▶ **TASK OBJECTIVE**:
Below are the records; repeat exactly their lines between the line holding "Royal Pearl Pink Bedding Set" and the line holding "FARIN - Tas", inclusive, skipping the pictures.

▶ **RECORDED DATA**:
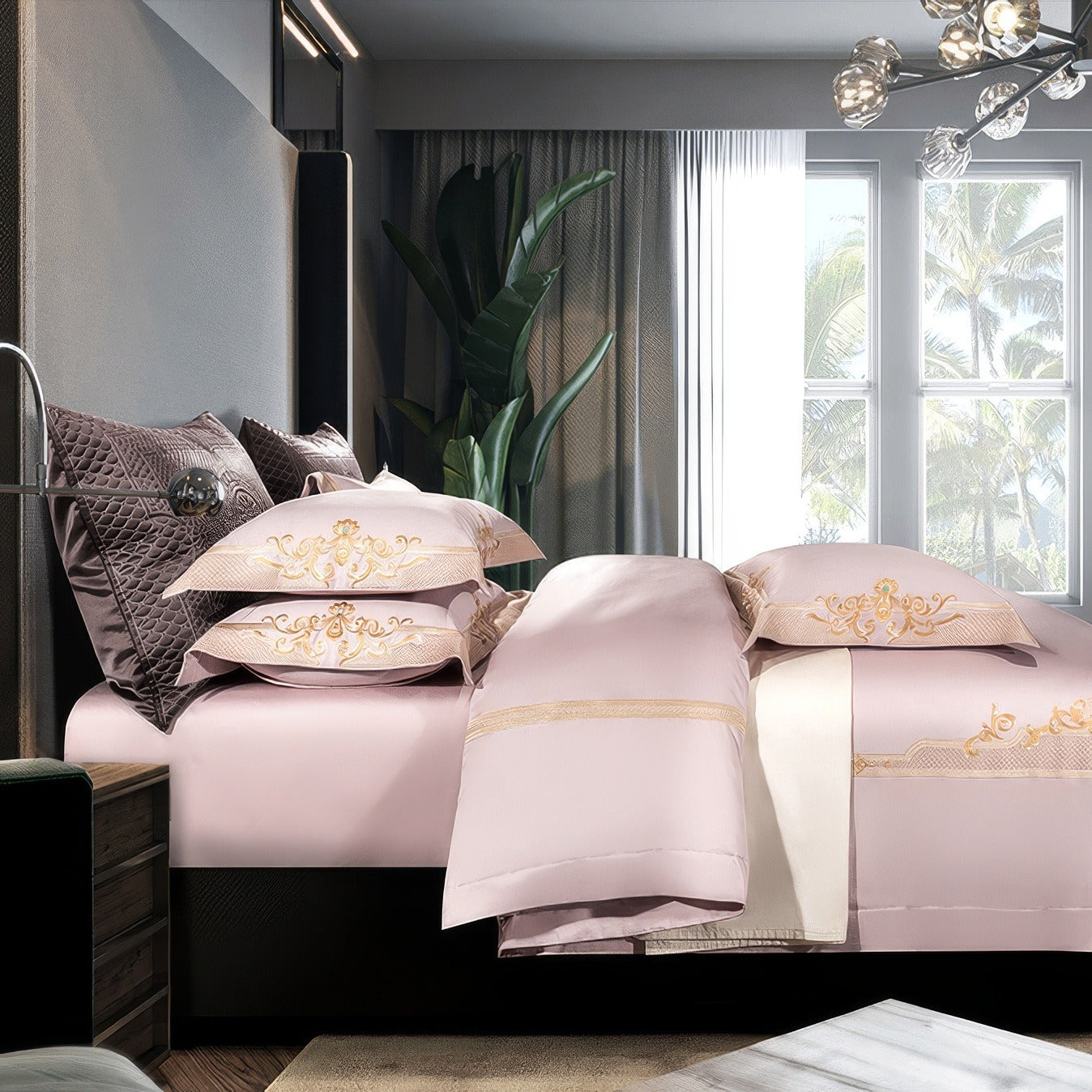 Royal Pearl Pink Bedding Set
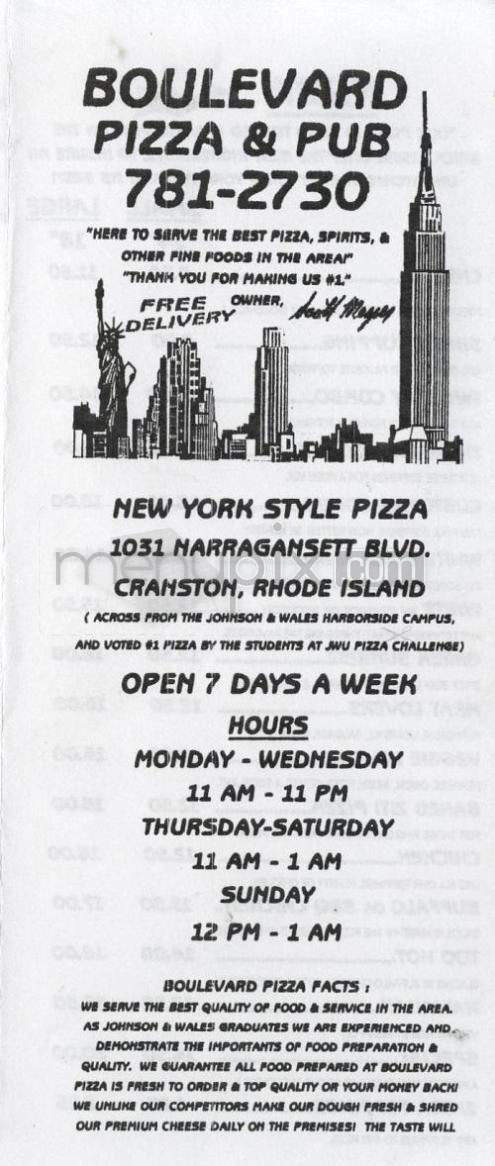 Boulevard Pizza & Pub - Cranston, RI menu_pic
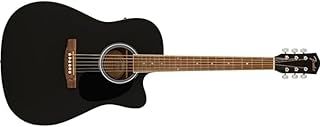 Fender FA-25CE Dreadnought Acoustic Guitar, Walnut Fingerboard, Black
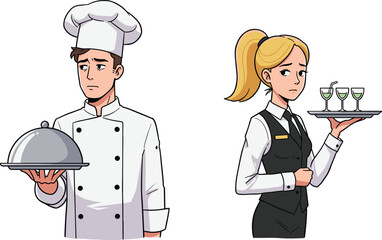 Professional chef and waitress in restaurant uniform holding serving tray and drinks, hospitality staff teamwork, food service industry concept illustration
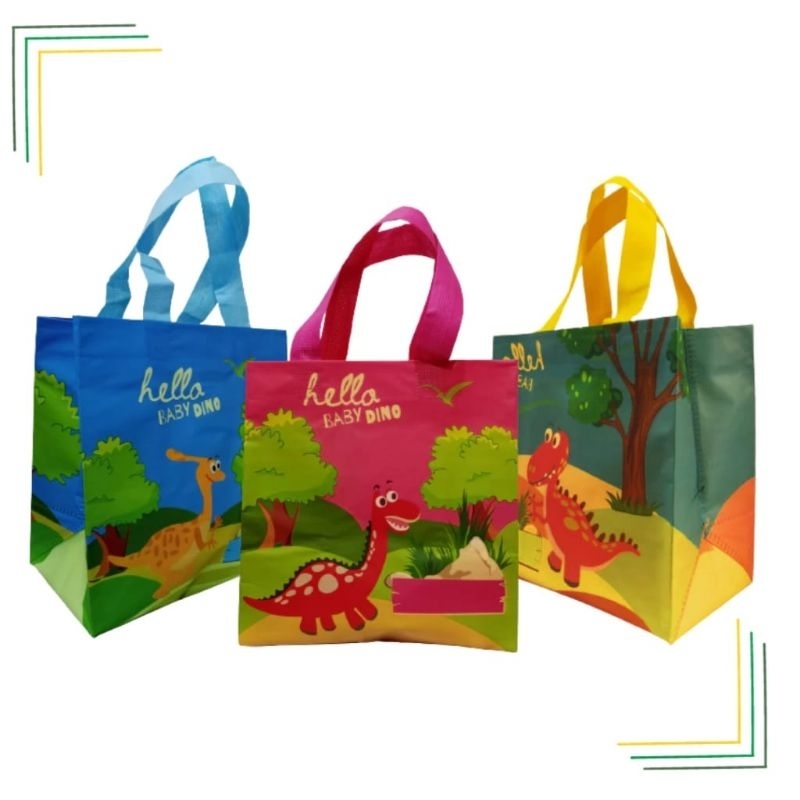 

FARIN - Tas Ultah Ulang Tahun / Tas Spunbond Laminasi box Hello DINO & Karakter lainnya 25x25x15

...

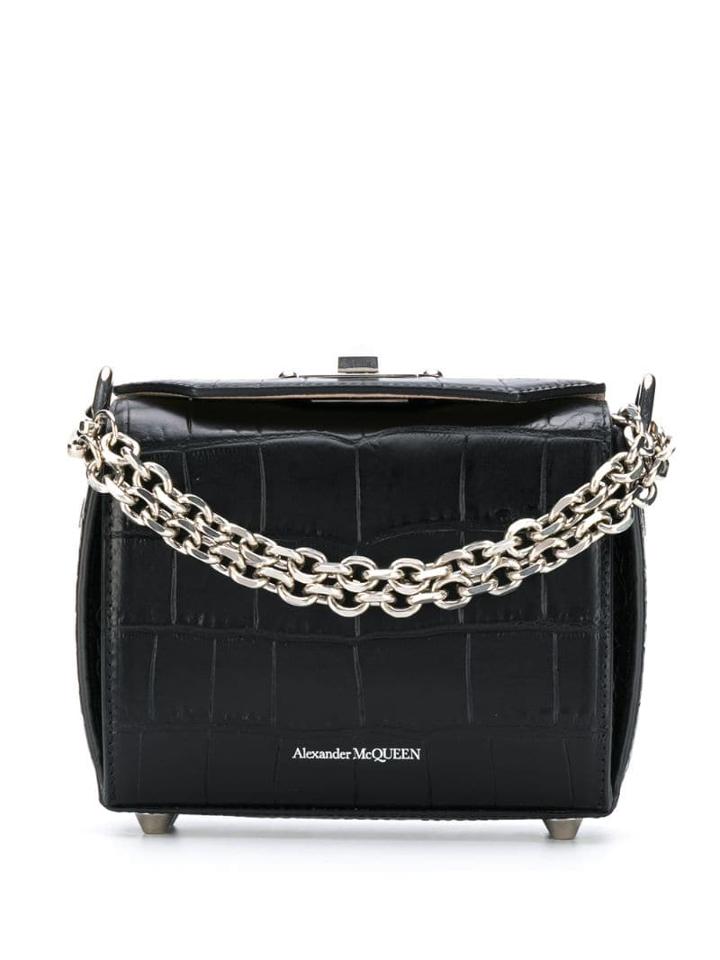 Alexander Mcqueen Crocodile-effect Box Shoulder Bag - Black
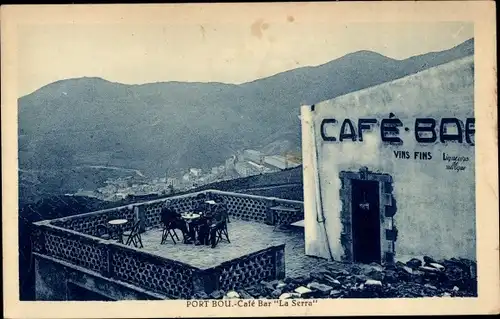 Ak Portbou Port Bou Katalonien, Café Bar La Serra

▶ **RESPONSE BELOW**:
 Royal Pearl Pink Bedding Set
 Boulevard Pizza & Pub - Cranston, RI menu_pic
 Fender FA-25CE Dreadnought Acoustic Guitar, Walnut Fingerboard, Black
 Professional chef and waitress in restaurant uniform holding serving tray and drinks, hospitality staff teamwork, food service industry concept illustration

FARIN - Tas Ultah Ulang Tahun / Tas Spunbond Laminasi box Hello DINO & Karakter lainnya 25x25x15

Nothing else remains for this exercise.